DIRECTIONS FOR THIS TASK. With the pictures left out, reproduce exactly the lines running from the line with "张***子合金淡水珍珠爱心项链" to the last line of the material below.

(Beginning of RECORD EXTRACTS)

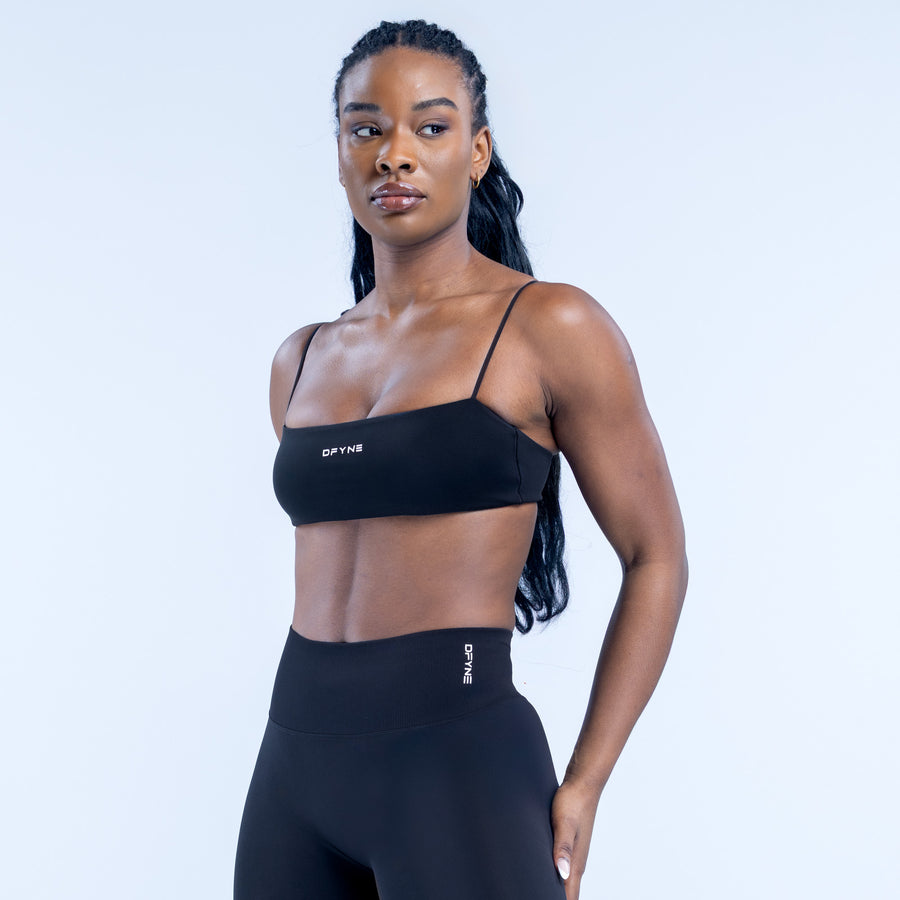 Black strappy bra with thin adjustable shoulder straps and elastic underband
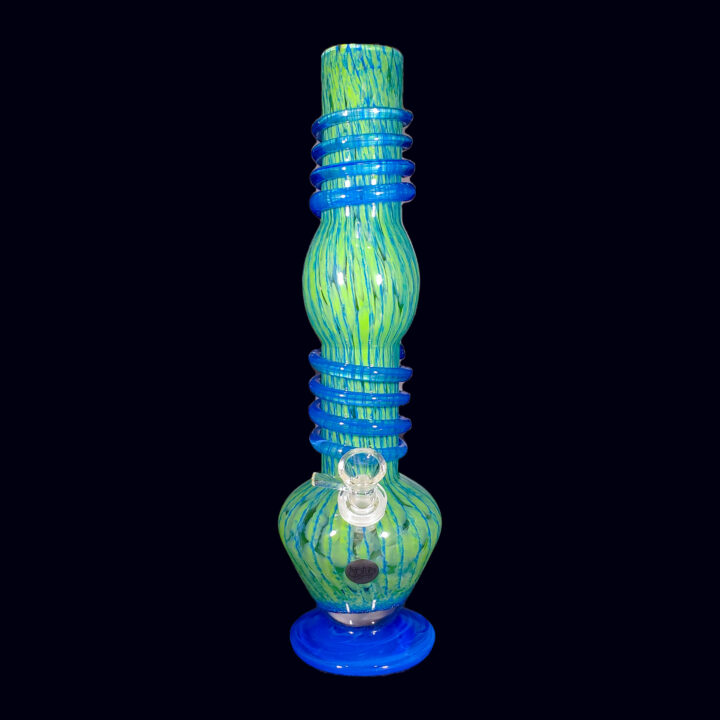 A blue and green glass hookah pipe sitting on top of a table.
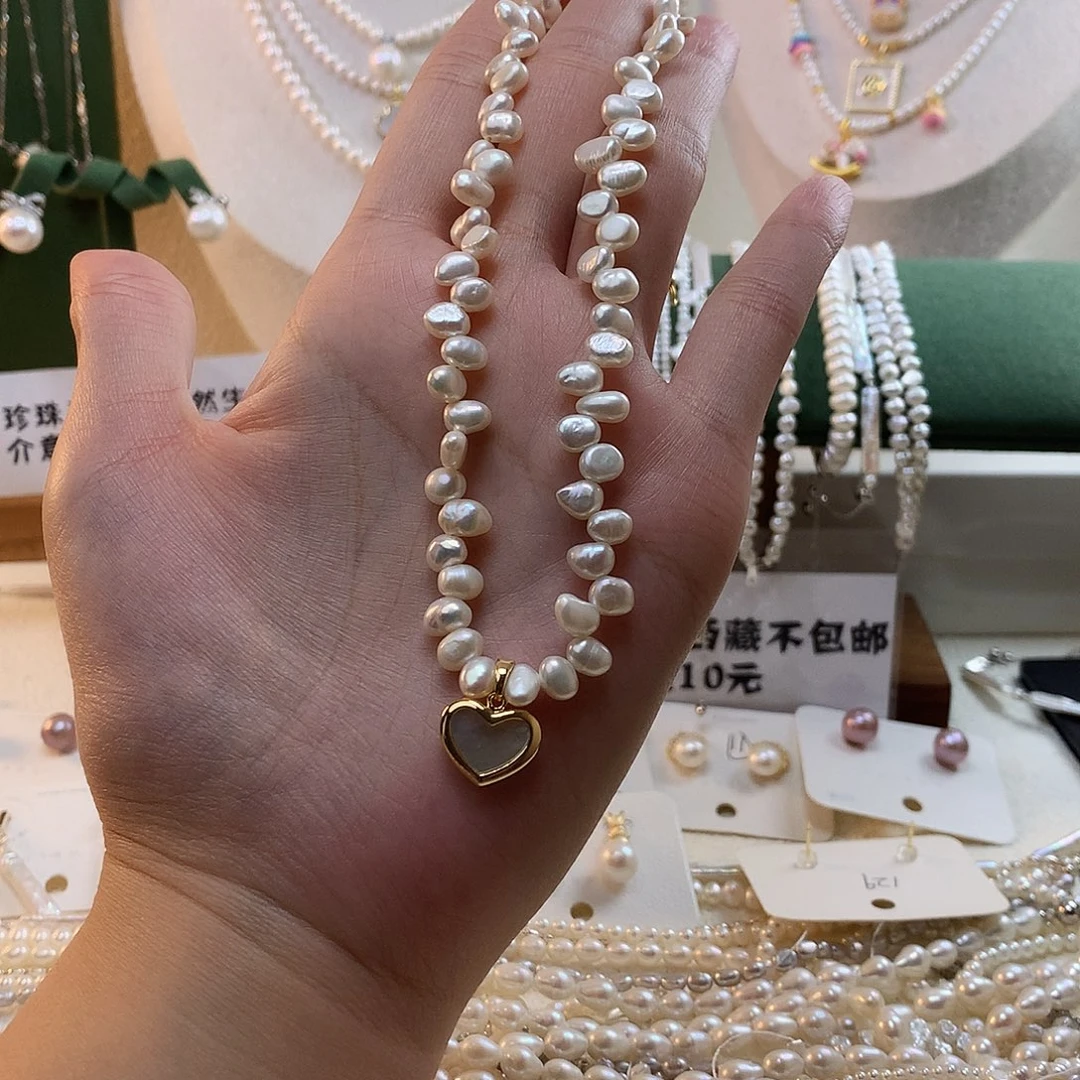 张***子合金淡水珍珠爱心项链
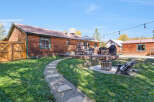 Enjoy outdoor living with this charming backyard featuring a spacious wooden deck, perfect for entertaining.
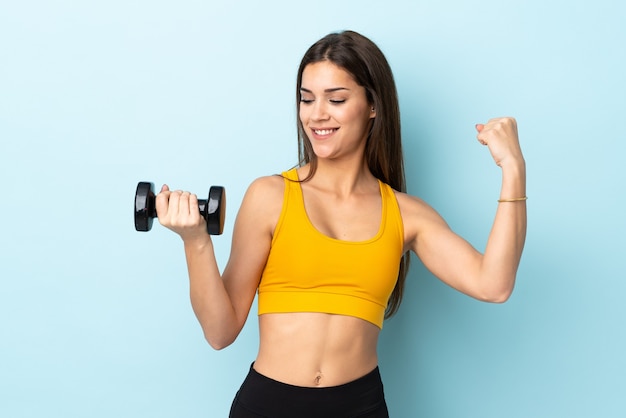 Young caucasian woman making weightlifting on blue celebrating a victory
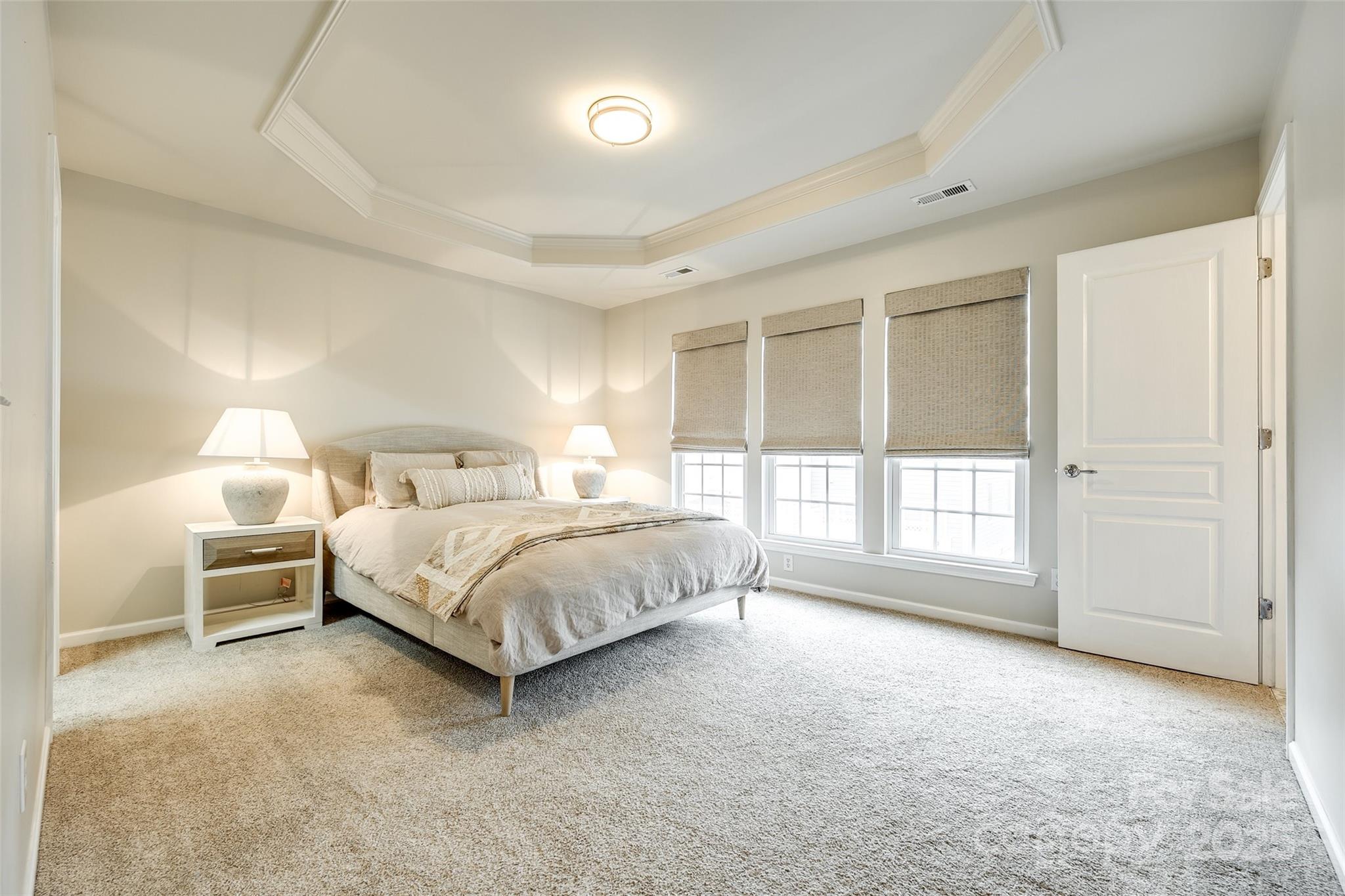 815 Granby Drive Fort Mill, SC 29708 - Photo 17 of 30 a bedroom with a bed and a large window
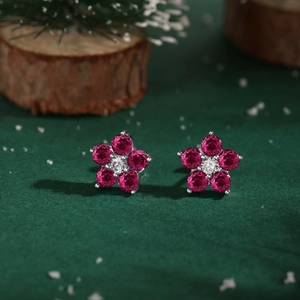 Détail macro de boucles d'oreilles fleur en argent S925 avec zircons rouges et brillants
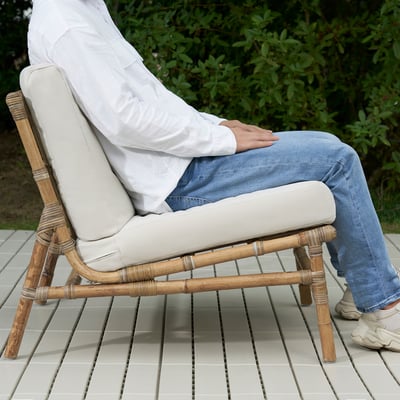 Persoa sentada na cadeira de ratán TVARÖ no patio, relaxada coas pernas cruzadas.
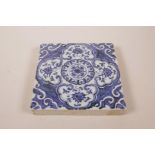 A Chinese blue and white ceramic tile with lotus flower pattern, 8" x 8"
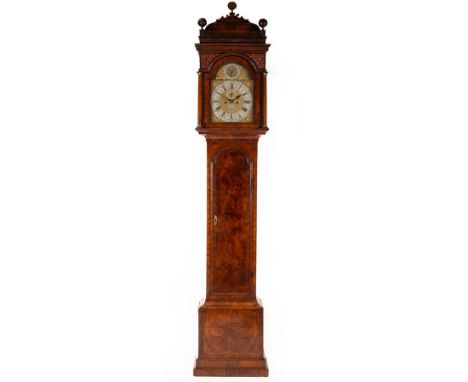 An early Georgian walnut longcase clock with caddy top hood surmounted by turned ball finials, moulded cornice above a blind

(End of RECORD EXTRACTS)

EXERCISE RESPONSE.
 张***子合金淡水珍珠爱心项链
 Enjoy outdoor living with this charming backyard featuring a spacious wooden deck, perfect for entertaining.
 Young caucasian woman making weightlifting on blue celebrating a victory
 815 Granby Drive Fort Mill, SC 29708 - Photo 17 of 30 a bedroom with a bed and a large window
 Détail macro de boucles d'oreilles fleur en argent S925 avec zircons rouges et brillants
 Persoa sentada na cadeira de ratán TVARÖ no patio, relaxada coas pernas cruzadas.
 A Chinese blue and white ceramic tile with lotus flower pattern, 8" x 8"
 An early Georgian walnut longcase clock with caddy top hood surmounted by turned ball finials, moulded cornice above a blind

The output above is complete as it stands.